Despite the obvious downside, fecal transplants are a groundbreaking new therapy to treat GI issues where doctors take stool from a healthy human donor and transfer it to the body of a recipient, restoring the recipient's microbiome with good bacteria—straight from the source. And now, a small study by researchers at Ohio State University shows that fecal transplants greatly improve both gastrointestinal symptoms and behavioral symptoms in children with autism.
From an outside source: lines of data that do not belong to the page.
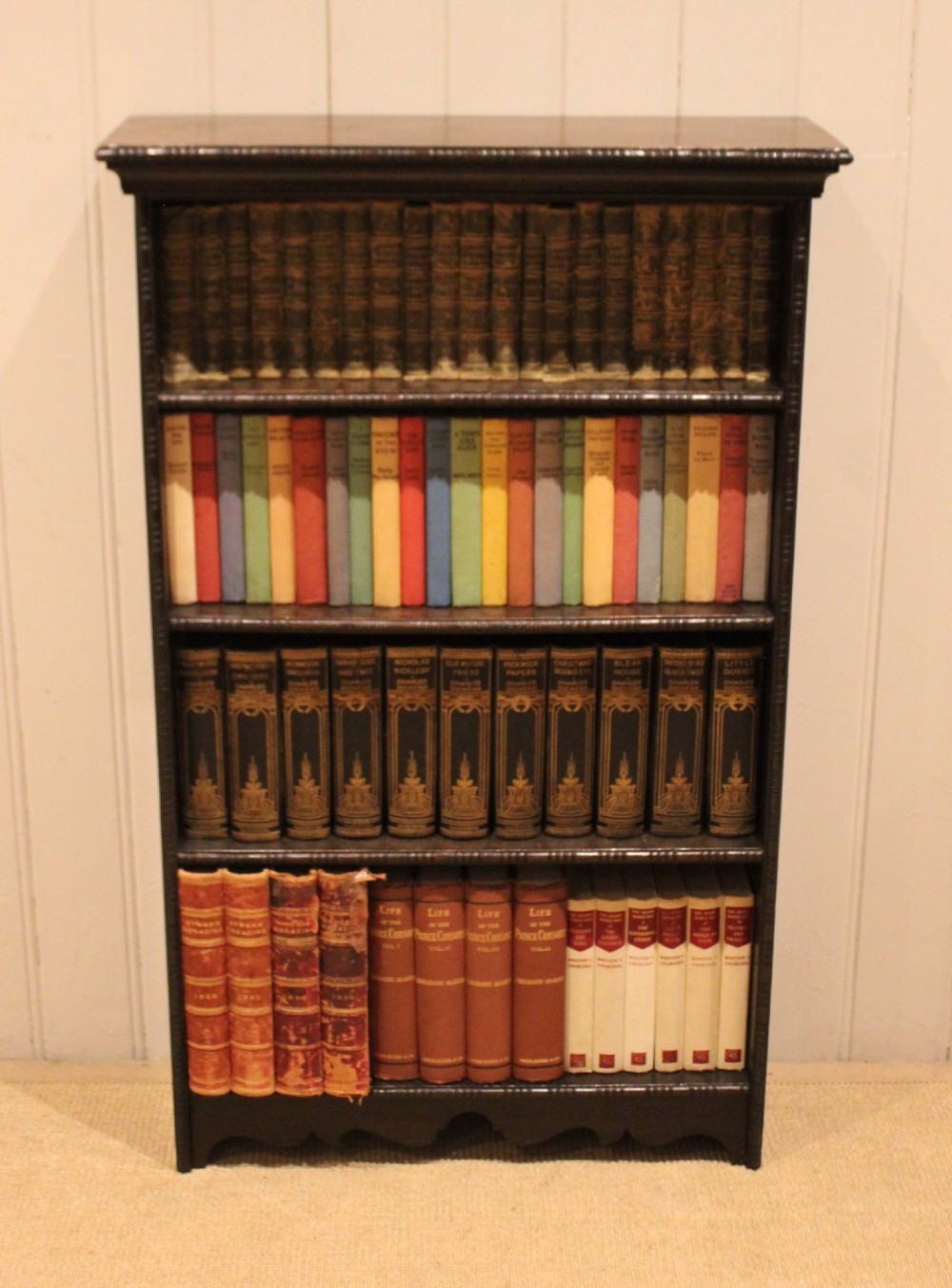 An antique dark oak open bookcase featuring four fixed shelves decorated with beaded edge mouldings and a shaped base plinth. View III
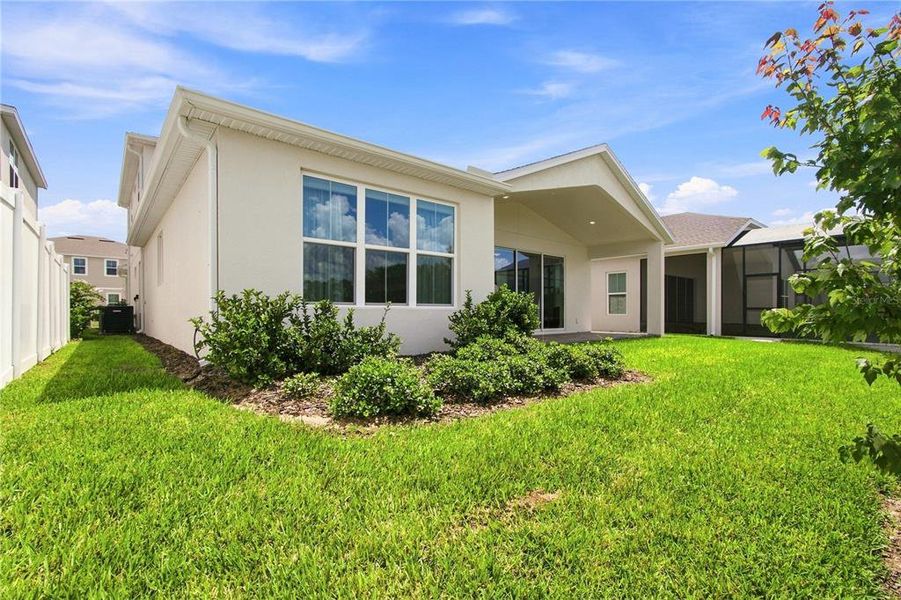 Exterior details and patio area of a home in Horizon Isle, Winter Garden (Image 3). Exterior details and patio area of a home in Horizon Isle, Winter Garden (Image 3).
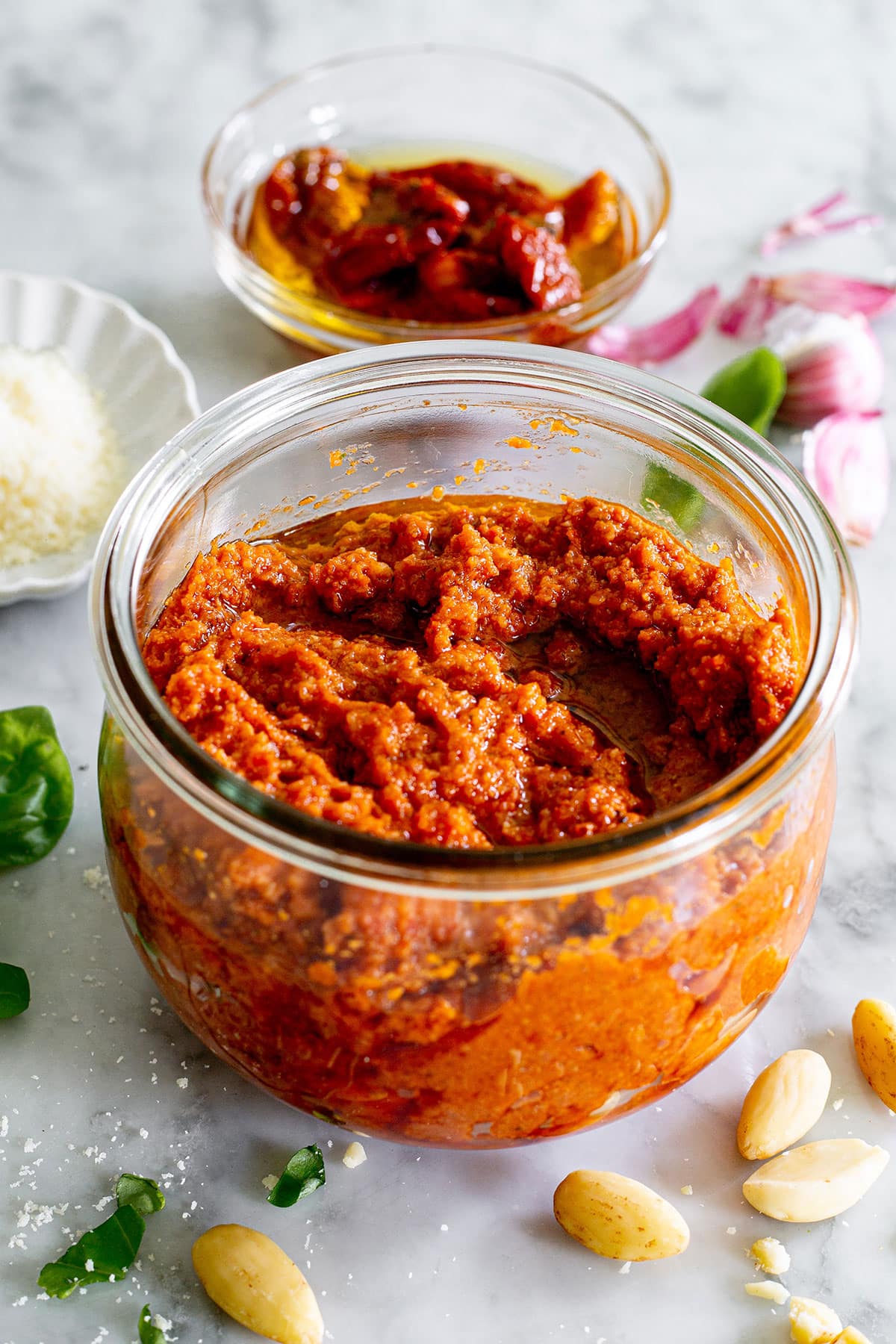 Sun-dried tomato pesto (pesto con pomodori secchi) in a jar with various ingredients around.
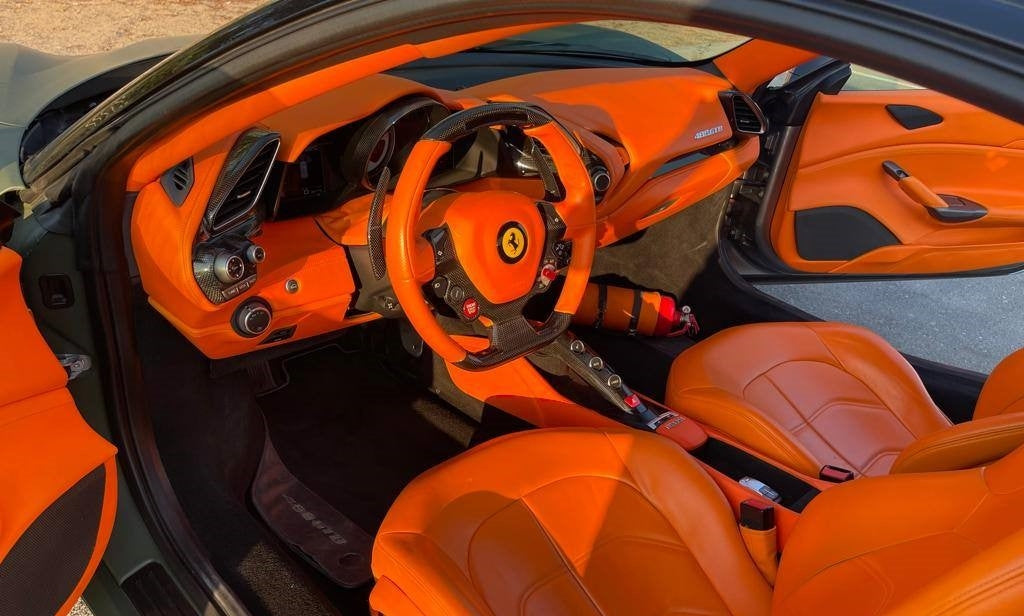 Close-up of the Ferrari 488's powerful engine, a top pick for performance car rentals in Dubai.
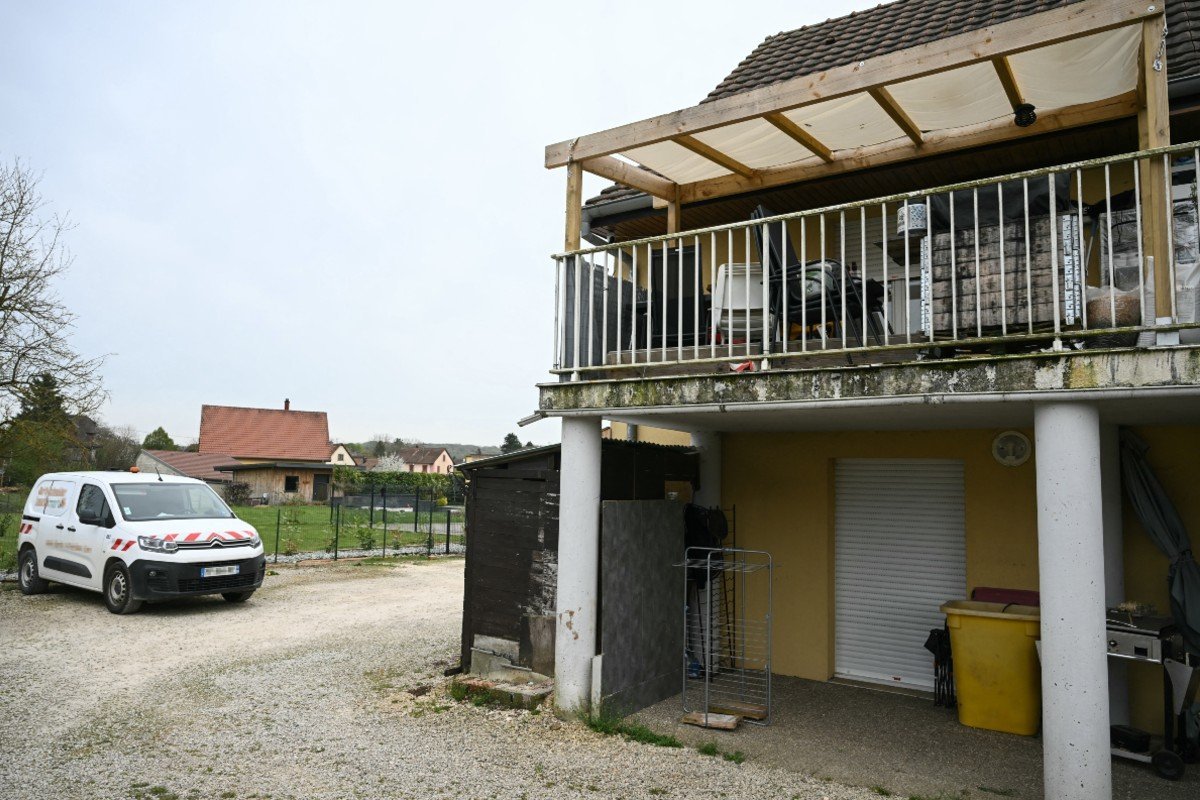 A photo shows a residential building, with the involved suspects' terrace at the first level (R), and parking area at the location where a boy was discovered naked and malnourished on a pile of rubbish in a van where he had been kept locked up, in Hagenbach, eastern France, on April 10, 2026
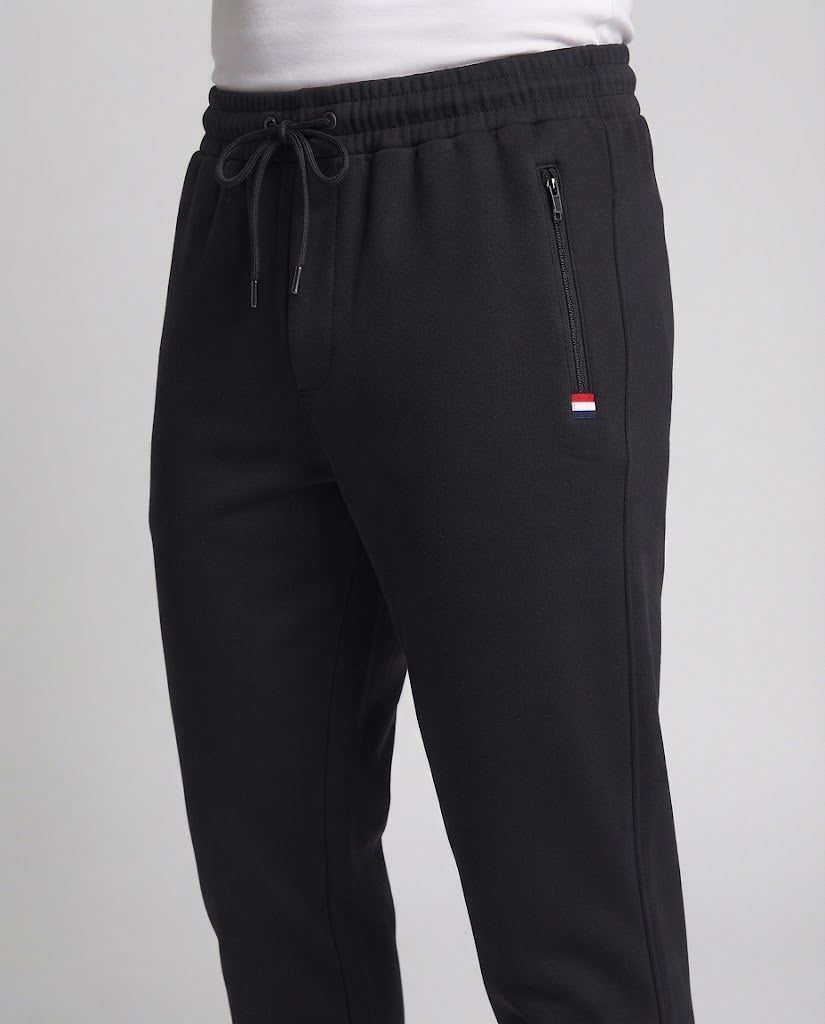 Herren Sportliche Joggerhose mit Reißverschlusstasche, elastischem Bund und geripptem Saum Echoarchiv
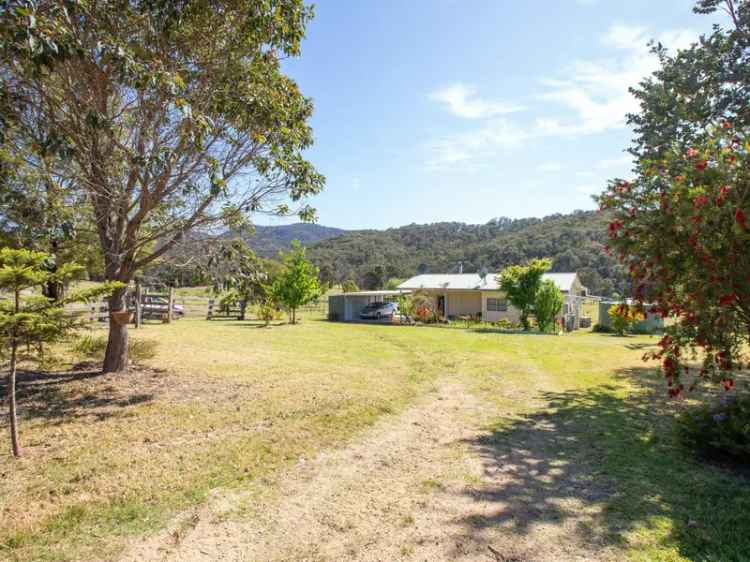 Buy rural property with river frontage and two homes in Burragate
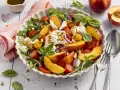 Erfrischender Salat mit saftigen Nektarinen, Tomaten, Mozzarella und Rucola, beträufelt mit Balsamico-Dressing.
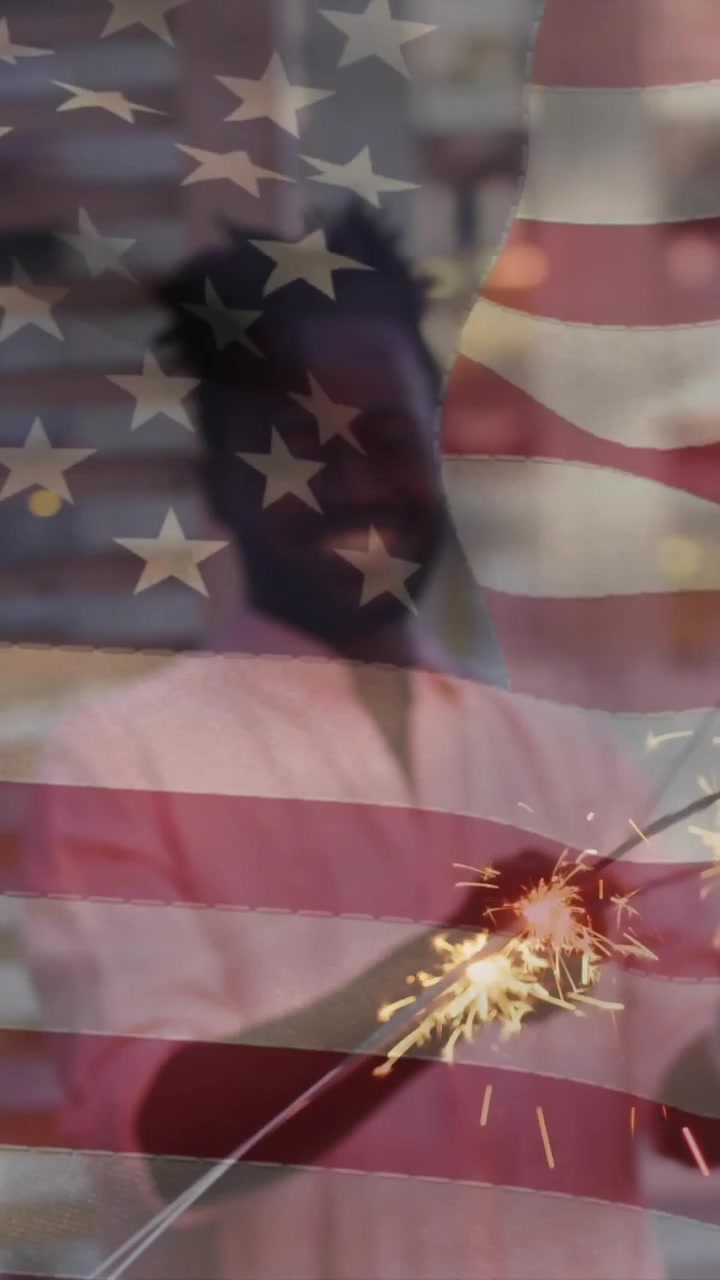 Holding sparklers, person celebrating with American flag overlay in festive animation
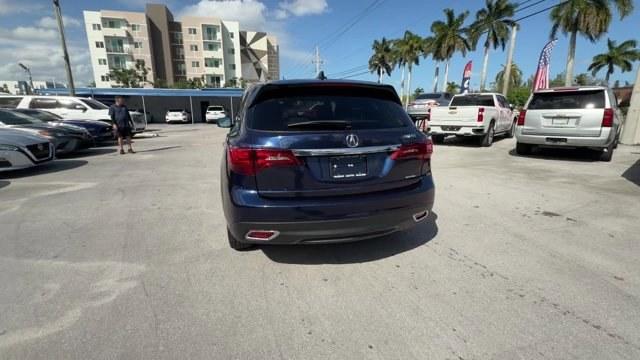 2014 Blue Acura MDX (5FRYD4H49EB) with an 6 3.5 L engine, Automatic transmission, located at 27610 S Dixie Hwy, Homestead, FL, 33032, (305) 749-2348, 25.510241, -80.438301 - IIHS Top Safety Pick+. Only 96,714 Miles! Boasts 27 Highway MPG and 18 City MPG! This Acura MDX boasts a Premium Unleaded V-6 3.5 L/212 engine powering this Automatic transmission. Window Grid Antenna, Voice Activated Dual Zone Front Automatic Air Conditioning, Vehicle Stability Assist Electronic St - Photo#3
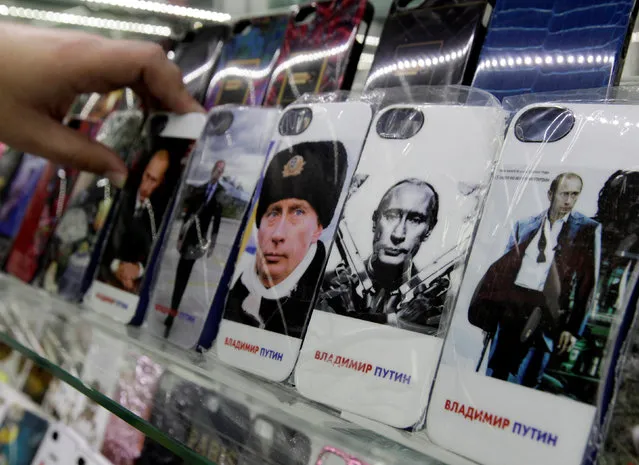 Mobile phones cases displaying images of Russian President Vladimir Putin, are pictured on display at an electronic store in Stavropol, southern Russia, February 12, 2015. (Photo by Eduard Korniyenko/Reuters)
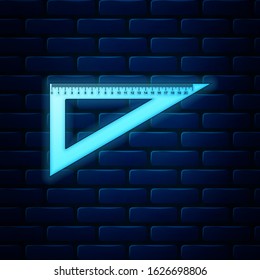 Glowing neon Triangular ruler icon isolated on brick wall background. Straightedge symbol. Geometric symbol.  Vector Illustration
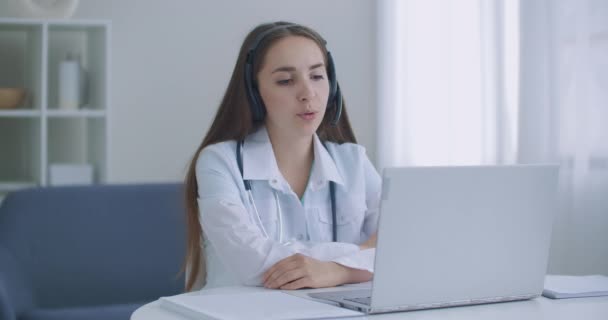 Asistente médica femenina lleva abrigo blanco, auriculares de vídeo llamando a paciente distante en el ordenador portátil. Doctor hablando con el cliente utilizando la aplicación de chat virtual de la computadora. Telemedicina, concepto de servicios sanitarios remotos. — Vídeos de Stock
Could Poop Transplants Be The Secret To A Beautiful Microbiome?
This is how it works.
This study included 18 autistic children (ranging from 7 to 16 years old) who experience moderate to severe GI distress. The children underwent two weeks of antibiotics to wipe out their own gut bacteria and then received a high-dose liquid form of donor stool for a week. For the rest of the treatment period the children drank smoothies with a lower-dose powder added. And while this is definitely cringe-worthy—it appears to have worked!
In the eight weeks after the treatment, the parents and doctors both reported positive changes in symptoms like diarrhea and stomach pain in the children. In fact, one of the questionnaires used to score and rank GI health showed an 82 percent decrease in GI symptoms. To analyze behavioral change they used a series of standardized questionnaires, one of which showed that the average developmental age increased by over a year during the treatment period.
The link between gut health and autism
Previous studies have shown that kids with autism usually have lower levels of gut bacteria and less bacterial diversity, which we are learning more and more is a sign of poor health. And it's not very common knowledge, but gastrointestinal distress and behavioral symptoms of autism often occur together, and normally the GI distress is pretty severe, so this study could reveal a path to increasing quality of life for a lot of people.
This study only included a small number of patients, meaning there's a higher risk for skewed results from bias and/or error, but the results justify a lot more research in this area and present a possible new frontier for autism, an elusive condition for which no pharmacologic treatment exists.
This is about way more than just autism.
If you don't know anyone with autism, these results should still matter to you. This study is just one example of the growing body of research that is connecting the microbiome to gut health, brain health, and human behavior. For example, some recent studies have drawn connections between gut health and the immune response and Alzheimer's disease.
And while ingesting someone else's stool sounds extreme, so many different illnesses are being linked to decreased bacterial count and diversity that it's likely you'll be seeing them more and more in the future.